Task to carry out:
Leave out the pictures and print precisely the lines from the line with "LAMPA SOLARNA LED" to the final line of the entries, both ends included.

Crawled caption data
• • • • •

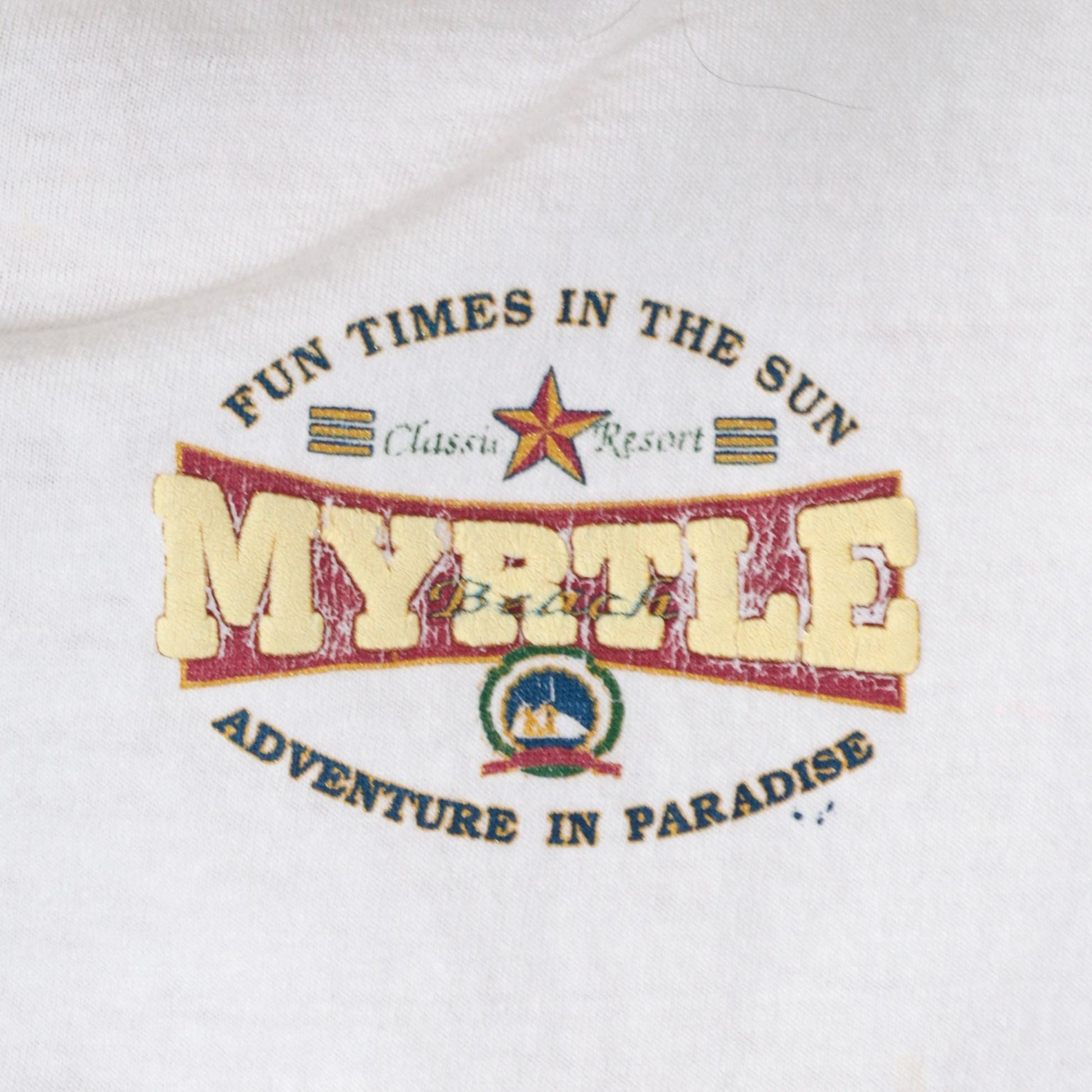 90s Myrtle Beach Graphic T-Shirt White Cotton Tee Extra Large XL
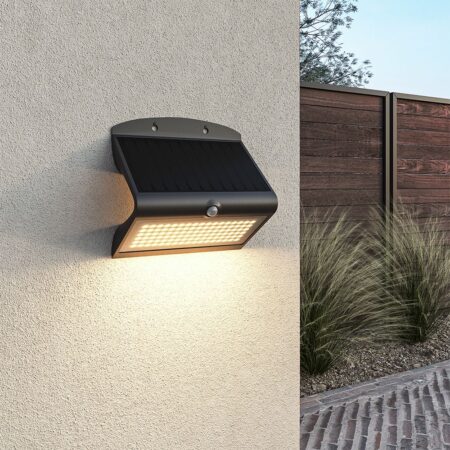 Rhodes Solar Wandlamp met Bewegingssensor - 8W - 3000K Warm wit - 2 lichtstanden - IP65 waterdicht - Wandlamp Schutting - Zwart | HOFTRONIC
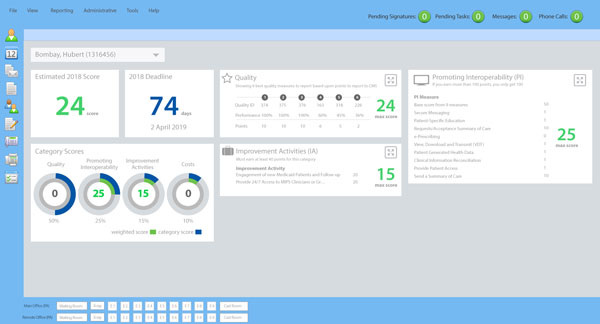 Exscribe EHR MIPS dashboard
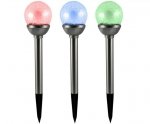 LAMPA SOLARNA LED KULA RGB 8CM SZKLANA SATYNA (1 SZT)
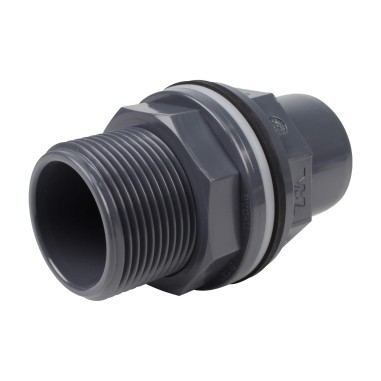 Traversée de réservoir - 40/32 mm  - Mâle/Femelle à coller - Filetée 1''1/4 - PVC Pression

• • • • •

The answer:
 LAMPA SOLARNA LED KULA RGB 8CM SZKLANA SATYNA (1 SZT)
 Traversée de réservoir - 40/32 mm  - Mâle/Femelle à coller - Filetée 1''1/4 - PVC Pression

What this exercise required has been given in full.